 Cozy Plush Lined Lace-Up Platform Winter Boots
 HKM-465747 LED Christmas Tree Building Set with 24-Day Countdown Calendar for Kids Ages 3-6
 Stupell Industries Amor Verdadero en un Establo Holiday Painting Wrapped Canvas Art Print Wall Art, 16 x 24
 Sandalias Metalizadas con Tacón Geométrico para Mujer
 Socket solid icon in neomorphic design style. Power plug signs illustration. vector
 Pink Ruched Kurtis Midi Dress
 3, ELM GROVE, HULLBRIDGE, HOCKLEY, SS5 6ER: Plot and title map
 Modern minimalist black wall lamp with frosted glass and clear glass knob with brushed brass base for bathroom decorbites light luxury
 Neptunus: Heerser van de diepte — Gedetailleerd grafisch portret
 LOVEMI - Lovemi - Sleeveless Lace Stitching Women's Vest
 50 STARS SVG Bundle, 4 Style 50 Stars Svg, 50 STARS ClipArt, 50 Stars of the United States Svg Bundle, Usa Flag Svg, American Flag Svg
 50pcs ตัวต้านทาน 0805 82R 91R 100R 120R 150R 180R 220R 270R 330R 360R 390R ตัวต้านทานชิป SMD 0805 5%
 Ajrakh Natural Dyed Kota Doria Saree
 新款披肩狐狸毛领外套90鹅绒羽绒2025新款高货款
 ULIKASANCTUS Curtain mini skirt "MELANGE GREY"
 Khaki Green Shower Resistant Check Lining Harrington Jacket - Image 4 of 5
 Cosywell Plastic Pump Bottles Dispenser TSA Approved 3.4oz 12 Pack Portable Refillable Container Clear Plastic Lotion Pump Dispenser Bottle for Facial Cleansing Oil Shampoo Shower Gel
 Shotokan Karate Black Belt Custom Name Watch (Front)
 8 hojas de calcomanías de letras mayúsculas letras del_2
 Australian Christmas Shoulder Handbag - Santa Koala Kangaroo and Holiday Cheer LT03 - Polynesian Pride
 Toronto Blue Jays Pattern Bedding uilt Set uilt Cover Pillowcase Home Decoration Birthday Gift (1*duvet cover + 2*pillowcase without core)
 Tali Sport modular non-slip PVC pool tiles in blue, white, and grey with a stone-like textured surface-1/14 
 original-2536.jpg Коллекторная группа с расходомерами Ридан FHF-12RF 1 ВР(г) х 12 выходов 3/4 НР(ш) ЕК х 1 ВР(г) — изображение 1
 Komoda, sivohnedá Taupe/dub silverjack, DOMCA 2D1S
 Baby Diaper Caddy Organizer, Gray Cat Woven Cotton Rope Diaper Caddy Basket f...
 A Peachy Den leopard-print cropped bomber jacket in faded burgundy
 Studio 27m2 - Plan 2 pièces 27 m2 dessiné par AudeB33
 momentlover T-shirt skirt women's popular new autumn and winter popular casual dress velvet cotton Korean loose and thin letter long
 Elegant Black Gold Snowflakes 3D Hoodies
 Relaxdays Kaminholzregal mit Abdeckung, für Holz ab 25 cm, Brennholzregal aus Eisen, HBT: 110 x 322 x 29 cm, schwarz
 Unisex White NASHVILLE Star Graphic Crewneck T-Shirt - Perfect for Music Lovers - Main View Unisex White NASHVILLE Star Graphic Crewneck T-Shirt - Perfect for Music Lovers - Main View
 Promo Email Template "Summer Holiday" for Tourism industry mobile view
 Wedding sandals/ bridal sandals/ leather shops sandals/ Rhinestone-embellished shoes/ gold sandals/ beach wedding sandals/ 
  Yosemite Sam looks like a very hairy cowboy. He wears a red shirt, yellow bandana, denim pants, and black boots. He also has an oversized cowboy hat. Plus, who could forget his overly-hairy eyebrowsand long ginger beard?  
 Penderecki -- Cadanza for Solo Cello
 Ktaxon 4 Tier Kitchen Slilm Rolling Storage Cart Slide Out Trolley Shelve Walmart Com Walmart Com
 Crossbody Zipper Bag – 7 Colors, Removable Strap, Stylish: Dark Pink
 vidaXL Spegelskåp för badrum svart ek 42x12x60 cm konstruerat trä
^^^^^^^^
Task to carry out: Using the listing above, pick out each line that contains the word "Lace", then copy it.

Answer area:
 Cozy Plush Lined Lace-Up Platform Winter Boots
 LOVEMI - Lovemi - Sleeveless Lace Stitching Women's Vest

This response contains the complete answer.